**DIRECTIONS FOR THIS TASK:** Print exactly the lines from the one that contains "Saint-Savinien Casa |" through the last line of the material, both included, and leave out all pictures.

★ ★ ★ ★ ★

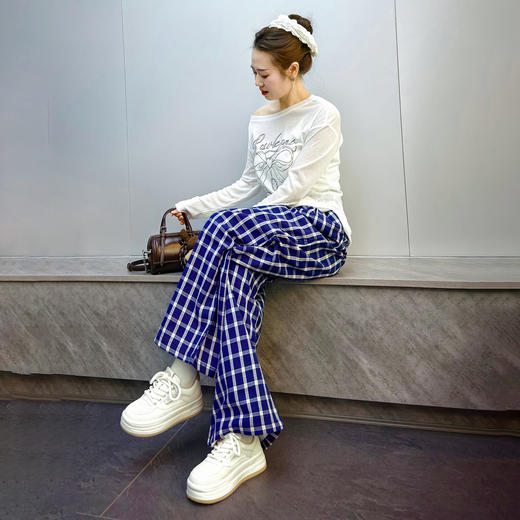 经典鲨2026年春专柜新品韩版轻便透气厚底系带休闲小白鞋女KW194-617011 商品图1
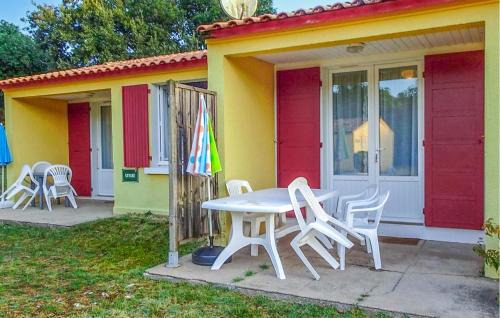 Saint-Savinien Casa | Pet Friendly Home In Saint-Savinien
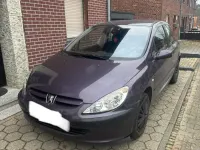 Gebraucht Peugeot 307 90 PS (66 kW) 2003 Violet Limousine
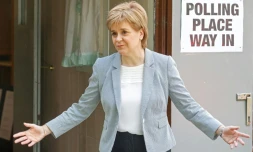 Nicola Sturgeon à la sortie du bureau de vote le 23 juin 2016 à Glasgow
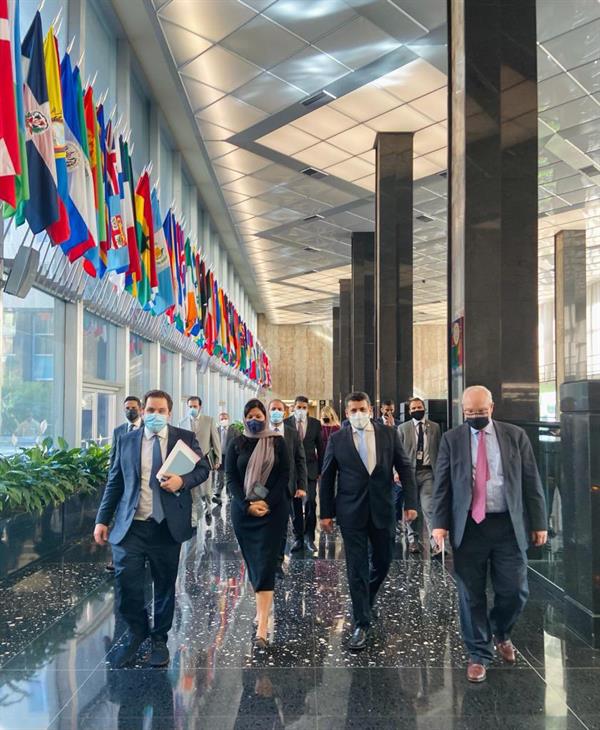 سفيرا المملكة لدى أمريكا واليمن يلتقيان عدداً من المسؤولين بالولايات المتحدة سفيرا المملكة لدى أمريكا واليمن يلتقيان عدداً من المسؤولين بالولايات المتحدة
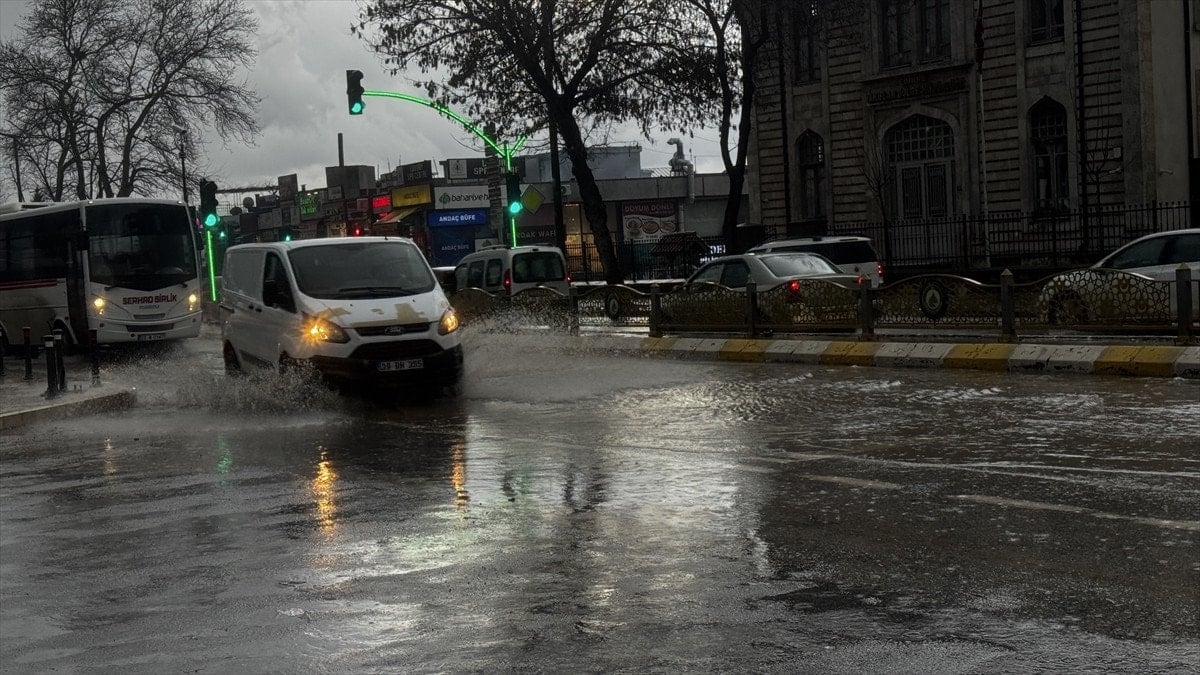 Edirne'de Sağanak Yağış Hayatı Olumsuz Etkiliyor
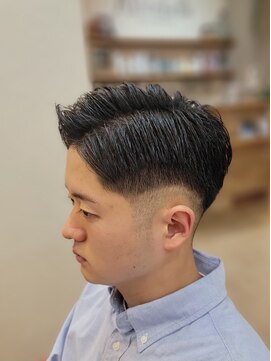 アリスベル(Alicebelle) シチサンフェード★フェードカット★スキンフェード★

★ ★ ★ ★ ★

**RESPONSE AREA:**
 Saint-Savinien Casa | Pet Friendly Home In Saint-Savinien
 Gebraucht Peugeot 307 90 PS (66 kW) 2003 Violet Limousine
 Nicola Sturgeon à la sortie du bureau de vote le 23 juin 2016 à Glasgow
 سفيرا المملكة لدى أمريكا واليمن يلتقيان عدداً من المسؤولين بالولايات المتحدة سفيرا المملكة لدى أمريكا واليمن يلتقيان عدداً من المسؤولين بالولايات المتحدة
 Edirne'de Sağanak Yağış Hayatı Olumsuz Etkiliyor
 アリスベル(Alicebelle) シチサンフェード★フェードカット★スキンフェード★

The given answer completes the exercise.